--- Exercise data Enclosed Below ---

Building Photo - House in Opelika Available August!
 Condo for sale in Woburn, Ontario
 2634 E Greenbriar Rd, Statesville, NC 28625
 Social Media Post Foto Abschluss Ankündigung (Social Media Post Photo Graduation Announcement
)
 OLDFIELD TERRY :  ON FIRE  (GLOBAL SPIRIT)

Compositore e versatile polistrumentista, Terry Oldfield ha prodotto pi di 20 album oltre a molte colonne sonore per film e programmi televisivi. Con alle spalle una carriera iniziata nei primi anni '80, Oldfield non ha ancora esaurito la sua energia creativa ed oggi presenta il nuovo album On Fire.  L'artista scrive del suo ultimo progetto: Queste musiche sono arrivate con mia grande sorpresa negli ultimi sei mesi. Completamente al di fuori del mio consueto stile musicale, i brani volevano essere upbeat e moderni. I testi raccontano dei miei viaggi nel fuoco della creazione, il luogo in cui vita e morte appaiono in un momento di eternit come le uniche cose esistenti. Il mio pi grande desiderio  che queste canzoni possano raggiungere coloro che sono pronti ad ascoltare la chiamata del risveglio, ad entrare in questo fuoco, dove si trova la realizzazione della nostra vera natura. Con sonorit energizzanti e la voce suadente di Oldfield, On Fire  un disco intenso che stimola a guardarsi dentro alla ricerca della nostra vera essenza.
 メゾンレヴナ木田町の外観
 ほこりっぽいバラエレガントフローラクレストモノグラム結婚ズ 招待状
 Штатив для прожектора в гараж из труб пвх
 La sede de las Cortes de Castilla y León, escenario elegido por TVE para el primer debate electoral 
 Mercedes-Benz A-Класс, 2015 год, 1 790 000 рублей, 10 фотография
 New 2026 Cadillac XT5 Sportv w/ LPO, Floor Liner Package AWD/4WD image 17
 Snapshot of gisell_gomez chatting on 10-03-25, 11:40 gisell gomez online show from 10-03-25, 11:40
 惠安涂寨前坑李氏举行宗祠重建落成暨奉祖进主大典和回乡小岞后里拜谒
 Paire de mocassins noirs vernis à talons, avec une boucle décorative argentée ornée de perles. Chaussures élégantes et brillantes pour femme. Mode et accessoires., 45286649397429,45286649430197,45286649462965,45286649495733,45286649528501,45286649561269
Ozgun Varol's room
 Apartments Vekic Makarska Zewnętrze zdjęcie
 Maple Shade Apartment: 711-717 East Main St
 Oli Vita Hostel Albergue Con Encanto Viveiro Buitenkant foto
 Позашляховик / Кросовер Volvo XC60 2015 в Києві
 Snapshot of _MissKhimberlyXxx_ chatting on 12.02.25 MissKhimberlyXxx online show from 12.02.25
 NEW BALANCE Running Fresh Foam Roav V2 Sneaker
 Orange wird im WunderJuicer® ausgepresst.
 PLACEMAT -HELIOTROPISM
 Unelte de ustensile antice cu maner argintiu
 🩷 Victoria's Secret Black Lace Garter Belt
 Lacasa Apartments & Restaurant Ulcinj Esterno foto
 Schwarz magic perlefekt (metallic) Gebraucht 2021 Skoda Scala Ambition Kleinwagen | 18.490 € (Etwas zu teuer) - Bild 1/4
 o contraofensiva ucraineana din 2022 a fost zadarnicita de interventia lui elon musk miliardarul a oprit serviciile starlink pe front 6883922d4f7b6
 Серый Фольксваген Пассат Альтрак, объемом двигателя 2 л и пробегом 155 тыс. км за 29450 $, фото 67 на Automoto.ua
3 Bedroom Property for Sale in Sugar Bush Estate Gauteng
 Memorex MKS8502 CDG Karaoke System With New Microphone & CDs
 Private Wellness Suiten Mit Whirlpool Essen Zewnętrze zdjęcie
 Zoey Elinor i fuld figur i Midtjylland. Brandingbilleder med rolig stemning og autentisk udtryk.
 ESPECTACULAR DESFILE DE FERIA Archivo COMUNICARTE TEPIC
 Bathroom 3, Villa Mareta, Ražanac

--- End of Enclosed Exercise data ---

=== Task ===
Each record needs to be duplicated exactly.

=== Solution ===
Building Photo - House in Opelika Available August!
 Condo for sale in Woburn, Ontario
 2634 E Greenbriar Rd, Statesville, NC 28625
 Social Media Post Foto Abschluss Ankündigung (Social Media Post Photo Graduation Announcement
)
 OLDFIELD TERRY :  ON FIRE  (GLOBAL SPIRIT)

Compositore e versatile polistrumentista, Terry Oldfield ha prodotto pi di 20 album oltre a molte colonne sonore per film e programmi televisivi. Con alle spalle una carriera iniziata nei primi anni '80, Oldfield non ha ancora esaurito la sua energia creativa ed oggi presenta il nuovo album On Fire.  L'artista scrive del suo ultimo progetto: Queste musiche sono arrivate con mia grande sorpresa negli ultimi sei mesi. Completamente al di fuori del mio consueto stile musicale, i brani volevano essere upbeat e moderni. I testi raccontano dei miei viaggi nel fuoco della creazione, il luogo in cui vita e morte appaiono in un momento di eternit come le uniche cose esistenti. Il mio pi grande desiderio  che queste canzoni possano raggiungere coloro che sono pronti ad ascoltare la chiamata del risveglio, ad entrare in questo fuoco, dove si trova la realizzazione della nostra vera natura. Con sonorit energizzanti e la voce suadente di Oldfield, On Fire  un disco intenso che stimola a guardarsi dentro alla ricerca della nostra vera essenza.
 メゾンレヴナ木田町の外観
 ほこりっぽいバラエレガントフローラクレストモノグラム結婚ズ 招待状
 Штатив для прожектора в гараж из труб пвх
 La sede de las Cortes de Castilla y León, escenario elegido por TVE para el primer debate electoral 
 Mercedes-Benz A-Класс, 2015 год, 1 790 000 рублей, 10 фотография
 New 2026 Cadillac XT5 Sportv w/ LPO, Floor Liner Package AWD/4WD image 17
 Snapshot of gisell_gomez chatting on 10-03-25, 11:40 gisell gomez online show from 10-03-25, 11:40
 惠安涂寨前坑李氏举行宗祠重建落成暨奉祖进主大典和回乡小岞后里拜谒
 Paire de mocassins noirs vernis à talons, avec une boucle décorative argentée ornée de perles. Chaussures élégantes et brillantes pour femme. Mode et accessoires., 45286649397429,45286649430197,45286649462965,45286649495733,45286649528501,45286649561269
Ozgun Varol's room
 Apartments Vekic Makarska Zewnętrze zdjęcie
 Maple Shade Apartment: 711-717 East Main St
 Oli Vita Hostel Albergue Con Encanto Viveiro Buitenkant foto
 Позашляховик / Кросовер Volvo XC60 2015 в Києві
 Snapshot of _MissKhimberlyXxx_ chatting on 12.02.25 MissKhimberlyXxx online show from 12.02.25
 NEW BALANCE Running Fresh Foam Roav V2 Sneaker
 Orange wird im WunderJuicer® ausgepresst.
 PLACEMAT -HELIOTROPISM
 Unelte de ustensile antice cu maner argintiu
 🩷 Victoria's Secret Black Lace Garter Belt
 Lacasa Apartments & Restaurant Ulcinj Esterno foto
 Schwarz magic perlefekt (metallic) Gebraucht 2021 Skoda Scala Ambition Kleinwagen | 18.490 € (Etwas zu teuer) - Bild 1/4
 o contraofensiva ucraineana din 2022 a fost zadarnicita de interventia lui elon musk miliardarul a oprit serviciile starlink pe front 6883922d4f7b6
 Серый Фольксваген Пассат Альтрак, объемом двигателя 2 л и пробегом 155 тыс. км за 29450 $, фото 67 на Automoto.ua
3 Bedroom Property for Sale in Sugar Bush Estate Gauteng
 Memorex MKS8502 CDG Karaoke System With New Microphone & CDs
 Private Wellness Suiten Mit Whirlpool Essen Zewnętrze zdjęcie
 Zoey Elinor i fuld figur i Midtjylland. Brandingbilleder med rolig stemning og autentisk udtryk.
 ESPECTACULAR DESFILE DE FERIA Archivo COMUNICARTE TEPIC
 Bathroom 3, Villa Mareta, Ražanac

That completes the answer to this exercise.